Scraped caption text data:
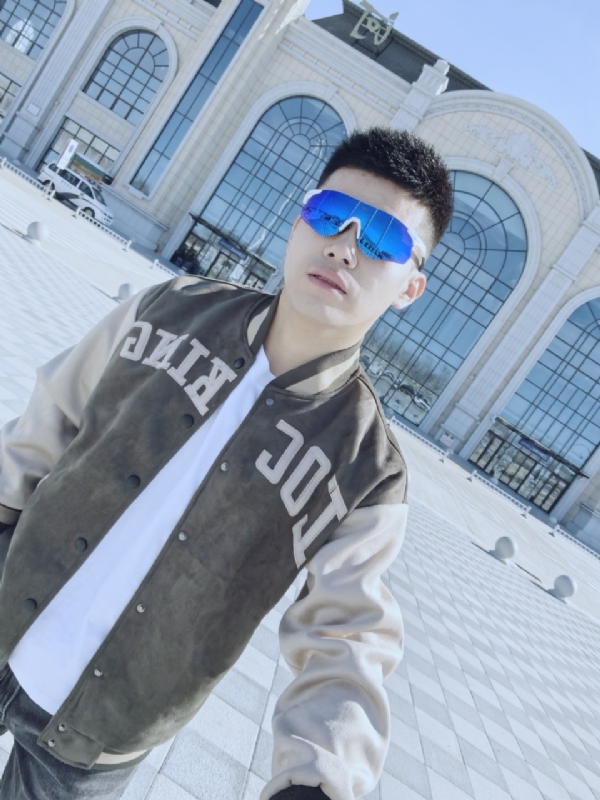 Fine超的第一张照片--赣州相亲服务中心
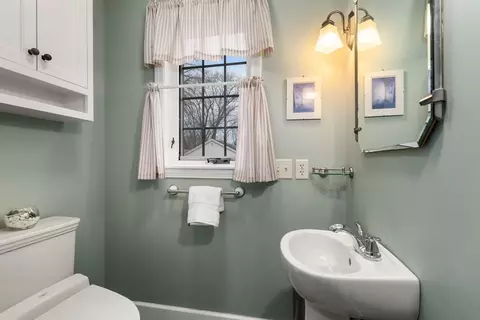 147 Mt Vernon St, Dedham, MA 02026 photo 17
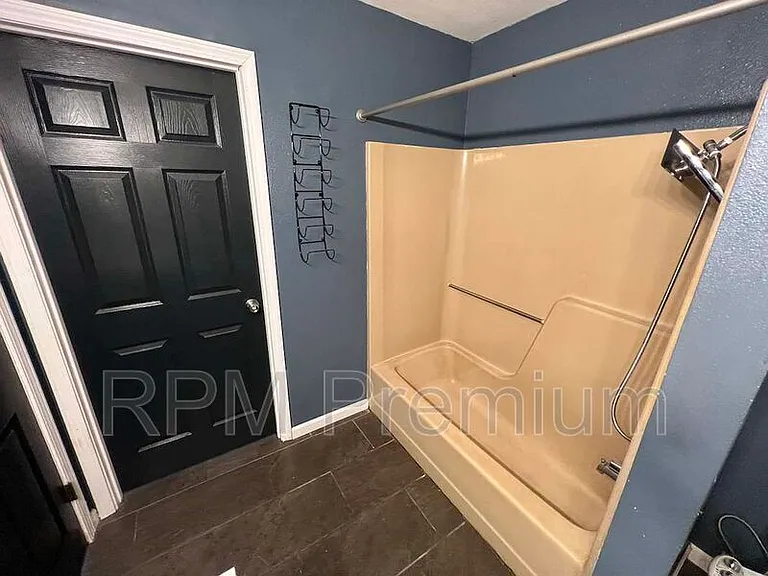 8725 Fairoaks St — Photo 21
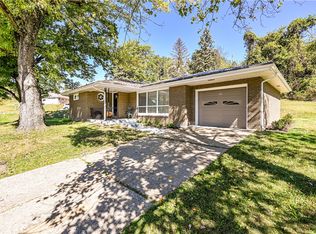 207 Hideaway Ln, Jeannette, PA 15644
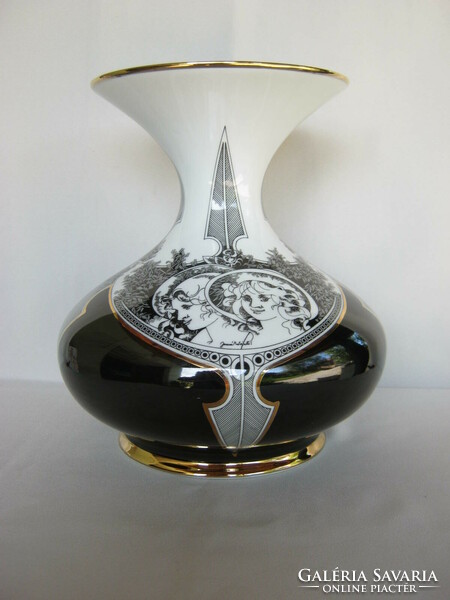 Hollóháza porcelain jurcsák vase, large size, 23 cm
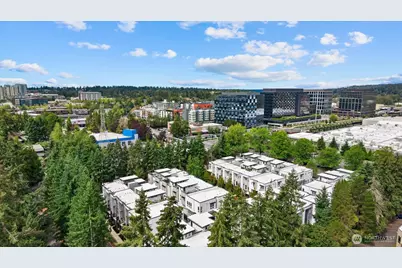 1022 124th Court NE #E4, Bellevue, WA 98005 - Photo 1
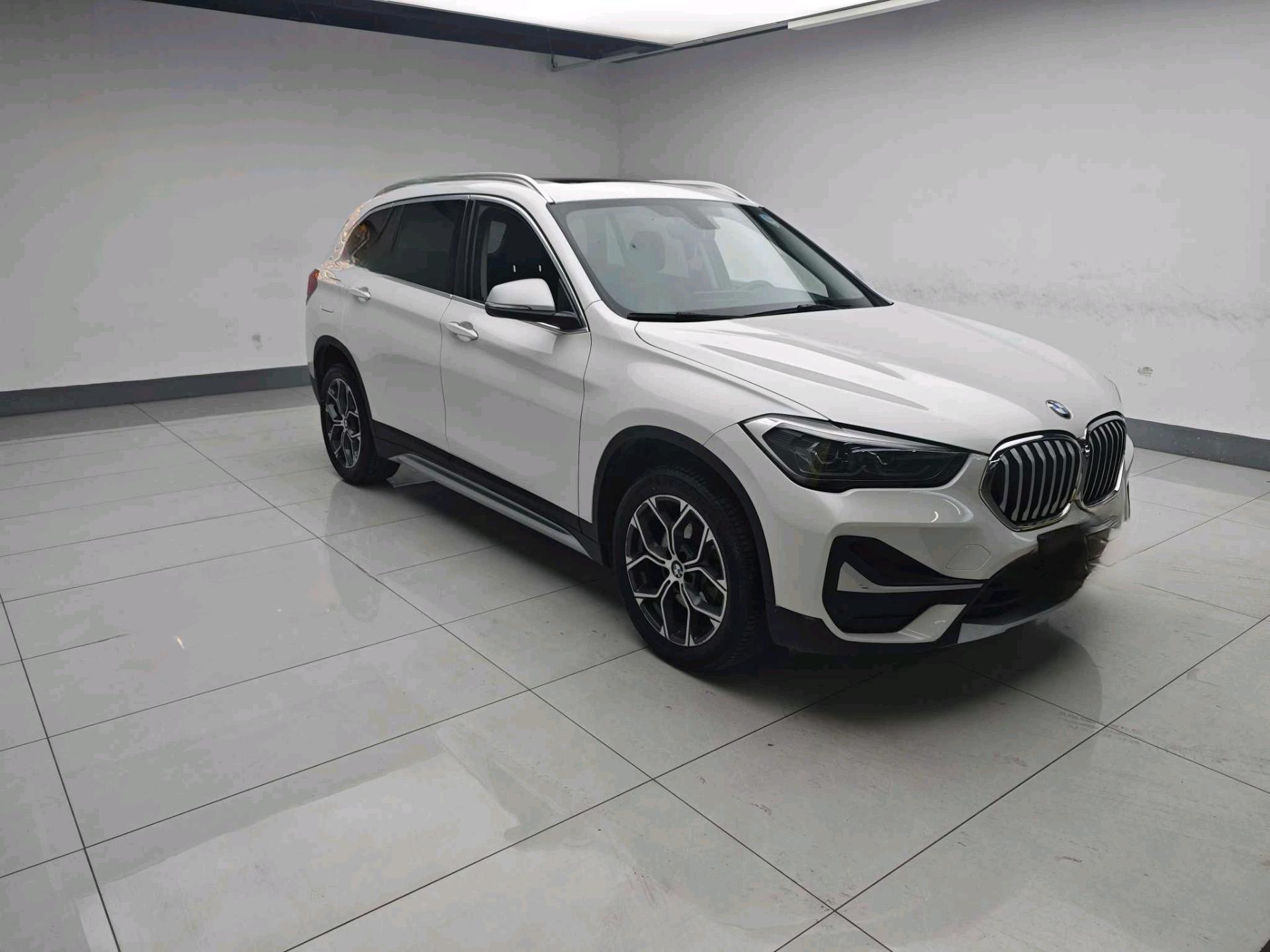 BMW X1 2021 imagen de coche #2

◆ PROBLEM TO WORK ON ◆
Reproduce the lines above, exactly and exclusively, from the line containing "1022 124th Court" down to the last line, both included; pictures are not part of the copy.

◆ OUTPUT BELOW ◆
 1022 124th Court NE #E4, Bellevue, WA 98005 - Photo 1
 BMW X1 2021 imagen de coche #2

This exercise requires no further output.